- [EXERCISE GOAL]: In the entries below, repeat only the lines between those holding "I Love Skynyrd 2 Mug" and "Nike ナイキ　ベージュ ピンクベージュ　スニーカー★新品未使用", inclusive. Leave pictures out.
*** Opening THE RECORDS ***
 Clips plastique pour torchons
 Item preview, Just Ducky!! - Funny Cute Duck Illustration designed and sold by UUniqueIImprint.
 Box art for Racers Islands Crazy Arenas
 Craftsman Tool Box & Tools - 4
*** Closing THE RECORDS ***
*** Opening THE RECORDS ***
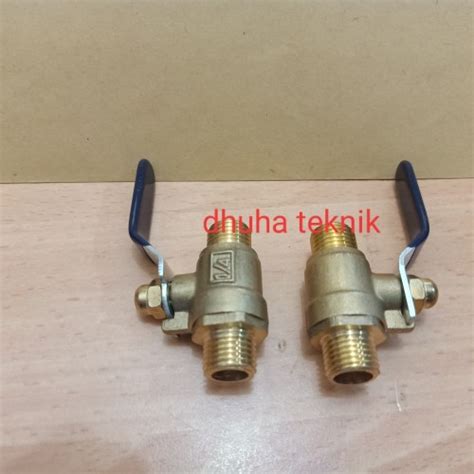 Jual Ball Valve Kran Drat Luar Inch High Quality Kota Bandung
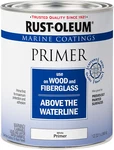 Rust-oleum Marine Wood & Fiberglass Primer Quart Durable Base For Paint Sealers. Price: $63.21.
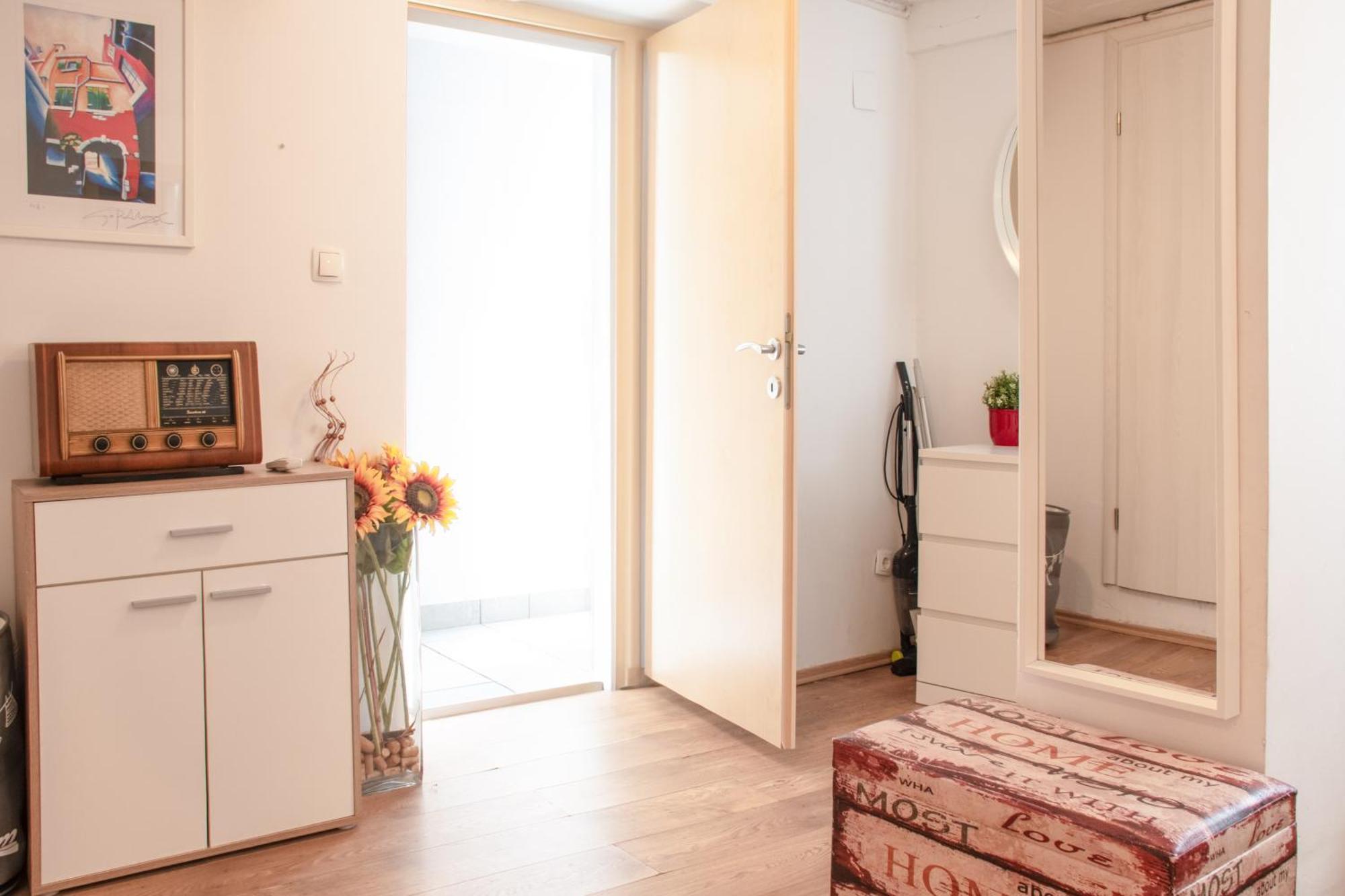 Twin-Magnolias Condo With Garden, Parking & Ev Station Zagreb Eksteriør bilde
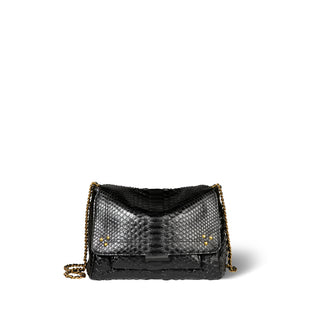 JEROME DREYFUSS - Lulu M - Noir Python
*** Closing THE RECORDS ***
*** Opening THE RECORDS ***
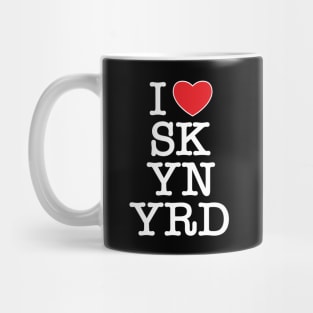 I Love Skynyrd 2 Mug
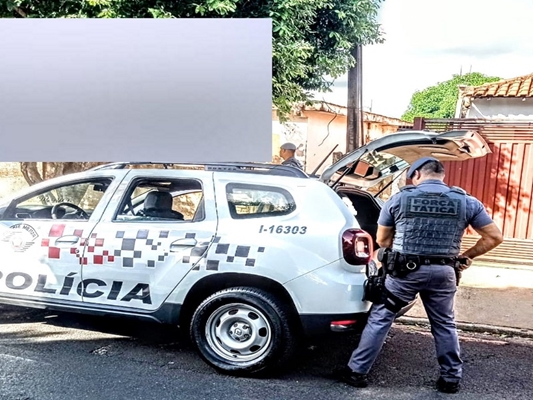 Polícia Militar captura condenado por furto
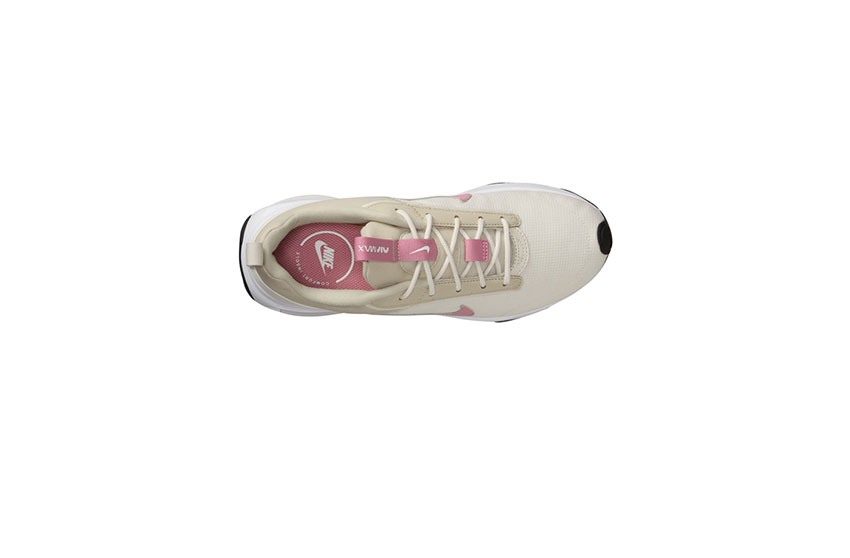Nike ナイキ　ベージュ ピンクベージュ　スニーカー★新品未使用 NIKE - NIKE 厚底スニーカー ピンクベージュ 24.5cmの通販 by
*** Closing THE RECORDS ***
- [ANSWER SECTION]:
 I Love Skynyrd 2 Mug
 Polícia Militar captura condenado por furto
Nike ナイキ　ベージュ ピンクベージュ　スニーカー★新品未使用 NIKE - NIKE 厚底スニーカー ピンクベージュ 24.5cmの通販 by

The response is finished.